After you upgrade Data Virtualization, the Databricks connections that you added as a generic data source prior to upgrade might not be accessible or work properly. Complete these steps to workaround the issue:

Resolving the problem

  1. In the Data virtualization > Run SQL editor, run the dvsys.listrdbc query to identify the internal Connection ID (CID) and NODE_NAME for your Databricks data source:
    select CID from dvsys.listrdbc
  2. If you do not see any Data Virtualization connection after you run the select CID from dvsys.listrdbc query, run the following query to identify the nodes for each Databricks connection:
    select CID, REMOTENODES,replace(CID,'DATAB','OTHER') as OLDCID from dvsys.rdb_connections where CID like 'DATAB%'
    Your output from this command will resemble the following example:
    DATAB10000 qpendpoint_4:6418 OTHER10000 
    DATAB10000 is the CID, qpendpoint_4 is the endpoint name, and OTHER10000 is the OLDCID.
  3. Go to the corresponding gaiandb_config.properties file for the endpoints listed in the remote nodes. You can find the corresponding gaiandb_config file by replacing the variable <endpoint_number> in the file path /mnt/dv_data/qpendpoints/data<endpoint_number> for each endpoint.

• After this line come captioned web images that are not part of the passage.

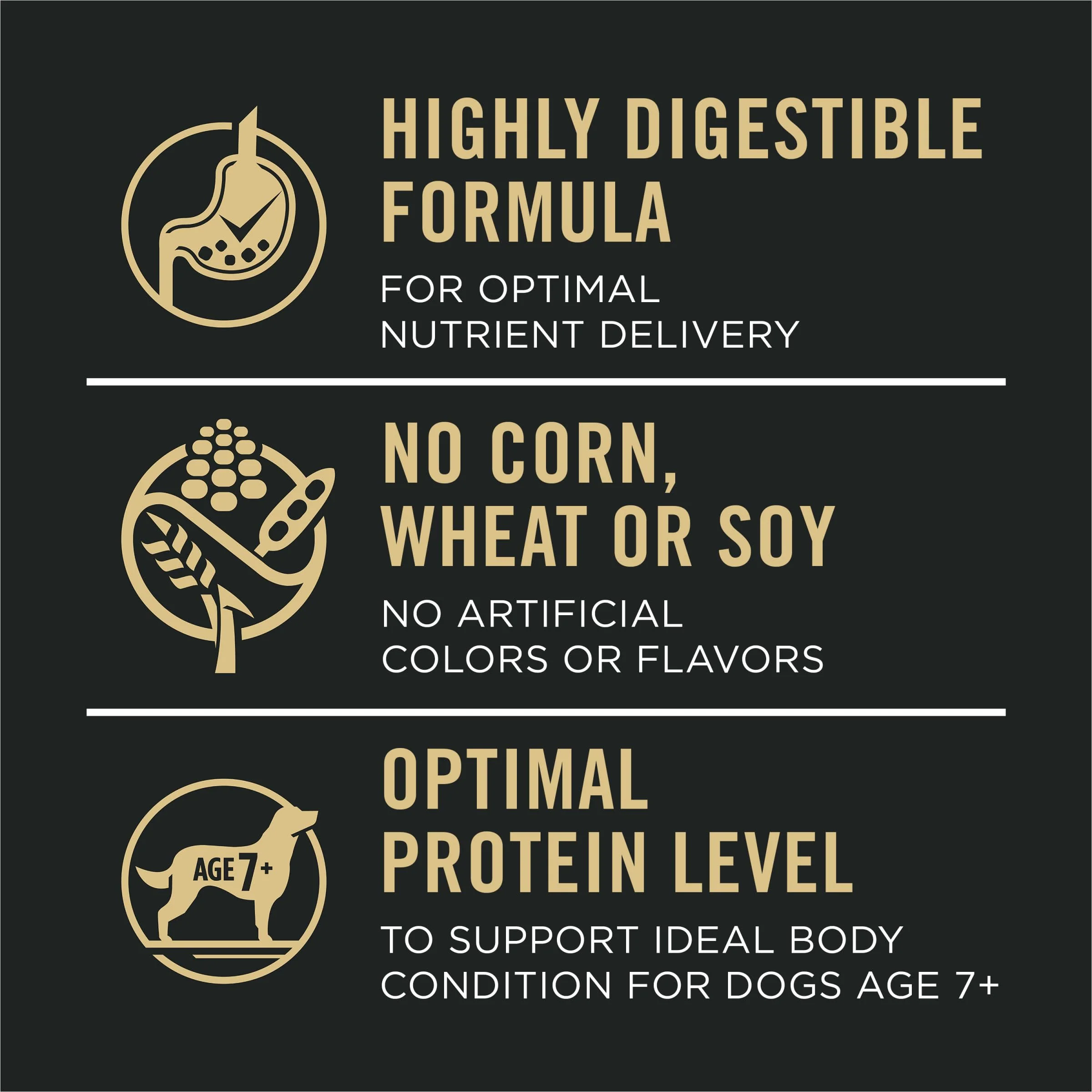 Purina Pro Plan Sensitive Skin and Stomach Dry Dog Food Senior Adult 7 Plus Salmon and Rice Formula - 24 lb. Bag - Image 5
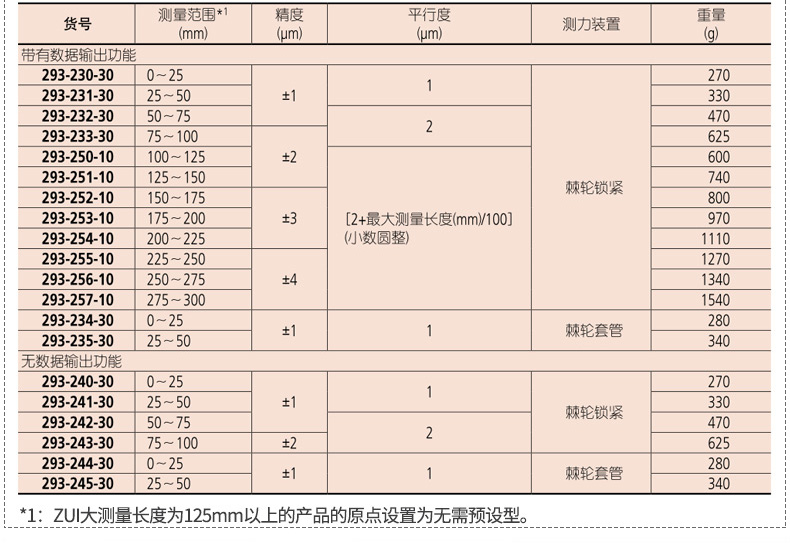 日本三丰卡尺参数规格表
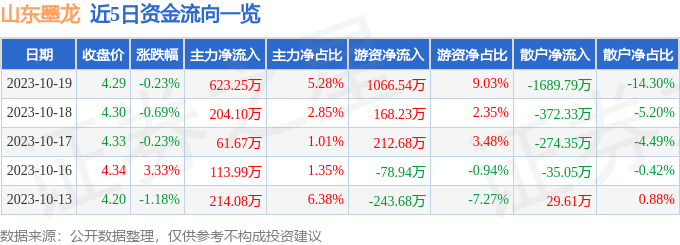 异动快报：山东墨龙（002490）10月20日11点15分触及涨停板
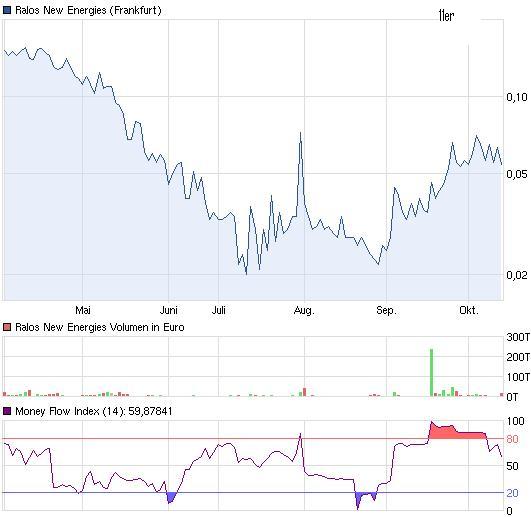 Ralos New Energies (520300) - REBOUND?! 543940
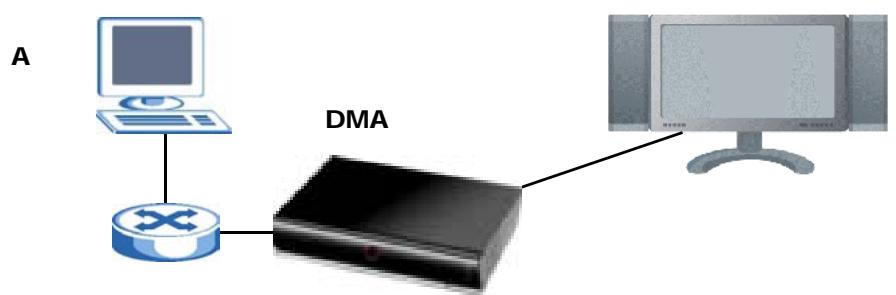 ZYXEL DMA-2500 - Playing Media Files From Your Windows Vista Computer - 1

    As an example, the gaiandb_config file for qpendpoint_1 endpoint can be found in the file path /mnt/dv_data/qpendpoints/data1. The <endpoint_number> is 1.

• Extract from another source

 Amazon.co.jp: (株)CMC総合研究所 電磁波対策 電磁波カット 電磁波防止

  4. For each endpoint listed in the remote notes, manually replace the OLDCID with the new CID. For example, replace the OLDCID OTHER10000_CCID=2c428798-c0c7-478b-88b6-6e7555d56243 with the CID DATAB10000_CCID=2c428798-c0c7-478b-88b6-6e7555d56243. In the example, the OLDCID prefix OTHER10000 is replaced with the CID prefix DATAB10000.

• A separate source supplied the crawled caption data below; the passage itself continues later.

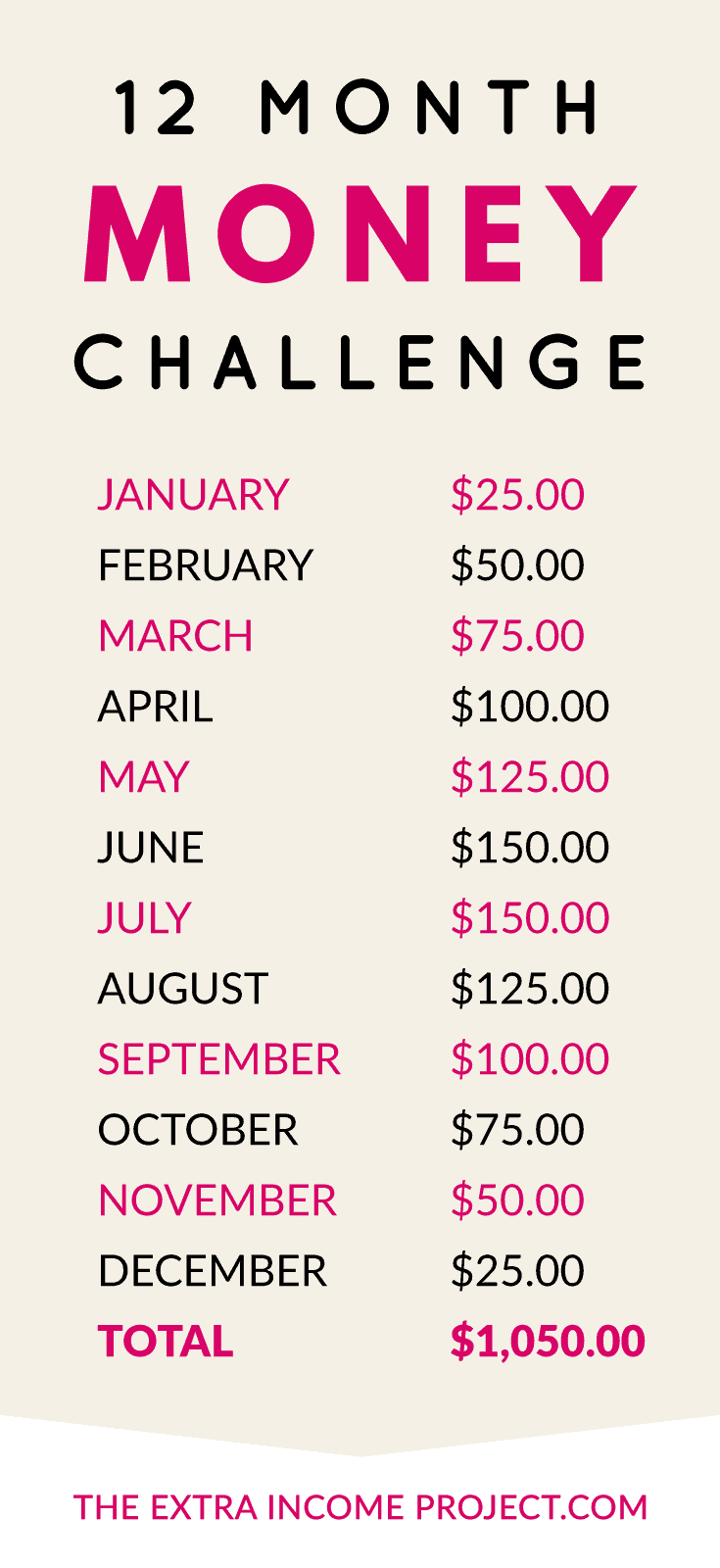 Money Saving Challenge - 12 month money saving challenge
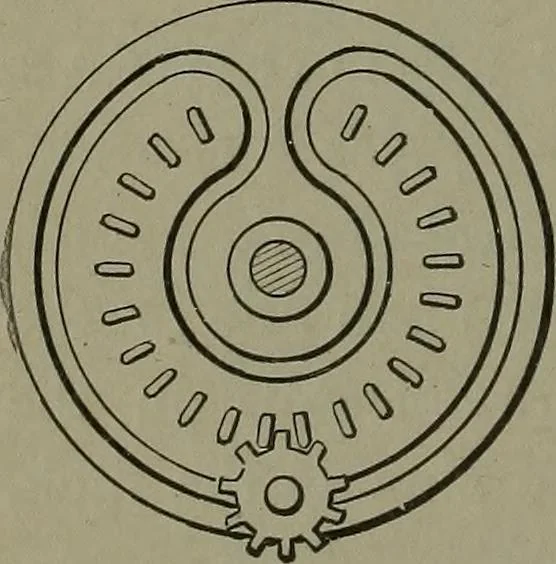 An illustration from Mechanical movements, powers, devices and appliances, 1901, leaf 241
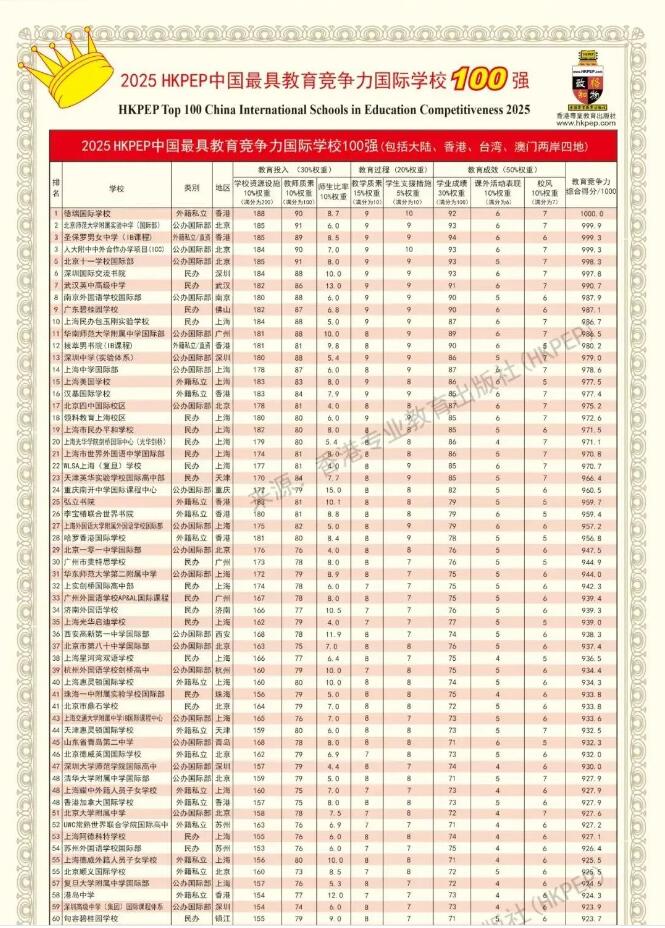 重磅！2025HKPEP全国最具教育竞争力国际学校100强榜单！深国交、碧桂园位列前十！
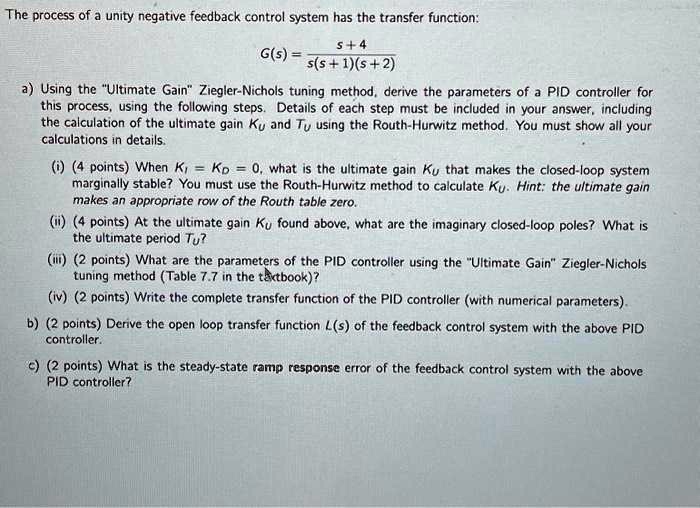 SOLVED The process of a unity negative feedback control system has the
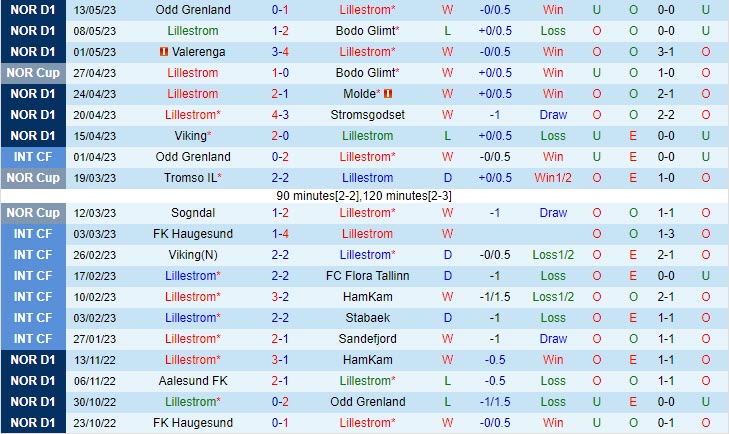 Nhận định Lillestrom vs Sarpsborg 23h00 ngày 165 (VĐQG Na Uy 2023) 2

    The connection IDs for your previous Databricks connections are now updated with the new prefix DATAB, and Databricks connection can be seen in the UI.

  5. Run this query to identify the Databricks ID (CID) and it's corresponding endpoint:
    SELECT CID, REMOTENODES FROM DVSYS.RDB_CONNECTIONS WHERE CID LIKE 'DATAB%'
  6. Run the following stored procedure in Data virtualization > Run SQL or the Db2 console for each CID and endpoint combination.
    • Ensure you replace <CID> with the Databricks ID, <default_catalog> with the catalog where the connection is established, and <REMOTE_NODES> with the qpendpoint.
    call DVSYS.setConfigProperty('RELOADTABLES_ALLTABS_<CID>', '<defualt_catalog>, null, null, null', '< REMOTENODES>',?,?);
    call DVSYS.setConfigProperty('RELOADTABLES_ALLCOLS_<CID>', '<defualt_catalog>, null, null, null', '< REMOTENODES>',?,?);
    The following are example queries, where:
    • <(CID)> has the value DATAB10020,
    • <catalog_name> has the value hive_metastore,
    • and <REMOTE_NODES> has the value qpendpoint_3:6417.
    call DVSYS.setConfigProperty('RELOADTABLES_ALLTABS_DATAB10020', 'hive_metastore, null, null, null', 'qpendpoint_3:6417',?,?);
    call DVSYS.setConfigProperty('RELOADTABLES_ALLCOLS_DATAB10020', 'hive_metastore, null, null, null', 'qpendpoint_3:6417',?,?);
    call dvsys.SETCONFIGPROPERTY('RELOADTABLES_ALLTABS_OTHER10000', 'hive_metastore,null,null,null','qpendpoint_1:6415', ?, ?)
    call dvsys.SETCONFIGPROPERTY('RELOADTABLES_ALLCOLS_OTHER10000', 'hive_metastore,null,null,null','qpendpoint_1:6415', ?, ?)
  7. Optional: After the properties are set, run the DVSYS.RESTORECONFIG procedure on the endpoints in which Databricks data sources were added.
    Note: You can skip this step if you completed step 3.
    call DVSYS.RESTORECONFIG('qpendpoint_3:6417', ?, ?);
    For example: If Data Virtualization has endpoints qpendpoint_3:6417 and qpendpoint_4:6418, then run this procedure:
    call DVSYS.RESTORECONFIG('qpendpoint_3:6417,qpendpoint_4:6418', ?, ?);